Building an Article Extraction Python API with newspaper3k and flask

Today, I was working on an application that required me to extract the main content html for a web page. This is called article extraction. Most of the time you want to extract the text of the article but I wanted to extract the HTML of the context. For example, if you are reading following WashingtonPost article then I want to extract the main HTML content on the left.

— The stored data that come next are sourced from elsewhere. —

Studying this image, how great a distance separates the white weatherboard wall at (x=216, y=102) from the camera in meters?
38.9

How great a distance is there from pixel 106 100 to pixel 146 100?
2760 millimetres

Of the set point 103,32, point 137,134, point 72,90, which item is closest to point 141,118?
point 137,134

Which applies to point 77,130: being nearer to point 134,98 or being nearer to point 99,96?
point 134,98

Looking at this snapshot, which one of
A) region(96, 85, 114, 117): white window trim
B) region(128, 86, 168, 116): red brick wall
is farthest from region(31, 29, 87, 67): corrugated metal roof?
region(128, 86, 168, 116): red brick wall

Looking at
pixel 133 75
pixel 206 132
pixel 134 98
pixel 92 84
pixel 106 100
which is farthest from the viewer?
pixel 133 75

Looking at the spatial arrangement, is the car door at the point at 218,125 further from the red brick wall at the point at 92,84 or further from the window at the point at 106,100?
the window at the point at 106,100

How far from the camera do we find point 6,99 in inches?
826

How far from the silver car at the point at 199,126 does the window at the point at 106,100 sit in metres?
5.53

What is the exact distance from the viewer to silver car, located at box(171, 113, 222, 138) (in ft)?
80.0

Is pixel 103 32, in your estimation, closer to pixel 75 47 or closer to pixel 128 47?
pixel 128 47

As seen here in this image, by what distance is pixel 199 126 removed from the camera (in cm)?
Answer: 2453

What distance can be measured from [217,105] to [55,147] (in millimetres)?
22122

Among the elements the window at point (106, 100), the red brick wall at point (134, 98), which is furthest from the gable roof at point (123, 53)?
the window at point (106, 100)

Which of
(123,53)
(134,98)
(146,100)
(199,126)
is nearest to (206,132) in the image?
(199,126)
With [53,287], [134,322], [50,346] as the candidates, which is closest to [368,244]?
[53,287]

I don’t want sidebar HTML containing ads or other information.

A7FrqiN.png!web

In this post, I will cover how to article extraction API with newspaper3k and flask framework.

Step 1: Create Python 3.7 virtualenv

To use Flair you need Python 3.7. We will start by creating a Python 3.7 virtualenv

$ python3.7 -m venv venv

Next, we activate the virtualenv

$ source venv/bin/activate

Next, you can check Python version

(pyeth) $ python --version

Python 3.7.2

Step 2: Install newspaper3k and flask package

To install newspaper3k and flask we will use pip as shown below

$ pip install newspaper3k flask

The above command will install all the required packages needed to build our API.

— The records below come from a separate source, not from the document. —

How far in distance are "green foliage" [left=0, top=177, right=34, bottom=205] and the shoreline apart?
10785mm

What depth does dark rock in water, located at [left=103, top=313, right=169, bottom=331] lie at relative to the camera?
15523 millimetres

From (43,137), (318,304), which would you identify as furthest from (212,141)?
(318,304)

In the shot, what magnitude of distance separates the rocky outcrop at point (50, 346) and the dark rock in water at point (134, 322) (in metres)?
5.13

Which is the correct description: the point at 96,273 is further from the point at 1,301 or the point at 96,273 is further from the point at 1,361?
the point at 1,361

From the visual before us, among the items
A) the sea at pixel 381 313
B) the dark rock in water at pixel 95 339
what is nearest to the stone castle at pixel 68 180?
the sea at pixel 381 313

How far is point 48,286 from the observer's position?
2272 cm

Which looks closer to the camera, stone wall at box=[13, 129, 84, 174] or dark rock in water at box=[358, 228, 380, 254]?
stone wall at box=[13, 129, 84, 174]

Step 3: Create a REST API to analyse sentiments

Create a new file called app.py under the application directory.

$ touch app.py

Copy the following source code and paste it in app.py source file

from flask import Flask, jsonify, request
from newspaper import Article, Config
import lxml
from html import unescape

app = Flask(__name__)

@app.route('/api/v1/extract', methods=['POST'])
def extract_html():
    print("Inside extract")
    print(request)
    if not request.json or not 'articleUrl' in request.json:
        abort(400)
    article_url = request.json['articleUrl']
    article_html = extract_article_html(article_url)
    response = {'articleHtml': article_html}
    return jsonify(response), 200

def extract_article_html(url):
    config = Config()
    config.keep_article_html = True
    article = Article(url, config=config)

    article.download()
    article.parse()

    article_html = article.article_html

    html = lxml.html.fromstring(article_html)
    for tag in html.xpath('//*[@class]'):
        tag.attrib.pop('class')

    return lxml.html.tostring(html).decode('utf-8')

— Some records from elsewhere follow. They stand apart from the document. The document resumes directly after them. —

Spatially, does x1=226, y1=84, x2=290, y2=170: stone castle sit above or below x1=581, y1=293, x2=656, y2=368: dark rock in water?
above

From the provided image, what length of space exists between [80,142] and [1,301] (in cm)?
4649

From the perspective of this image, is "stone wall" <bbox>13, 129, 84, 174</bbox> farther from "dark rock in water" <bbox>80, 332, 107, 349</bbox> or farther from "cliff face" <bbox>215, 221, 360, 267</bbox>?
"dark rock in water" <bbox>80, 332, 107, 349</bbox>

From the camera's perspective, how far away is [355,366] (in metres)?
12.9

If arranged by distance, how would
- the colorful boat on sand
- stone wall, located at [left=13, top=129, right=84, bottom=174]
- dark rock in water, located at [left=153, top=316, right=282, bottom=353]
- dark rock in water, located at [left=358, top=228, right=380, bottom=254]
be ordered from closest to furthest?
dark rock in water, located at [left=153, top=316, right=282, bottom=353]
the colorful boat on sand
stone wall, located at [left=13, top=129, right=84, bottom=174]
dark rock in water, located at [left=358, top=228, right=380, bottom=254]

The code shown above does the following:

It imports Flask classes and functions
Next, we import Article and Config classes from newsppater3k library
Next, we defined a POST route mapping to /api/v1/extract url. This API endpoint will receive the article URL in a JSON body. We extracted the HTML of the main content using the newspaper3k Article class. We passed configuration option to keep article HTML in the Article object. If you don’t pass this configuration option then article_html will be empty.
Finally, we transformed the HTML by removing class attribute from all HTML elements.

You can now start the app using flask run

Once application is started, you can test the REST API using on your favourite REST client. I will show how to make REST API using cURL.

The cURL request will extract article HTML for the WashingtonPost article we mentioned previously.

curl --request POST \
  --url http://localhost:5000/api/v1/extract \
  --header 'content-type: application/json' \
  --data '{
        "articleUrl": "https://www.washingtonpost.com/business/economy/amazon-is-the-third-superpower-heightening-the-drama-of-the-us-china-trade-war/2019/05/17/3b274486-7720-11e9-b7ae-390de4259661_story.html"
}'

The response returned by API is show below. I have trimmed part of the response for brevity.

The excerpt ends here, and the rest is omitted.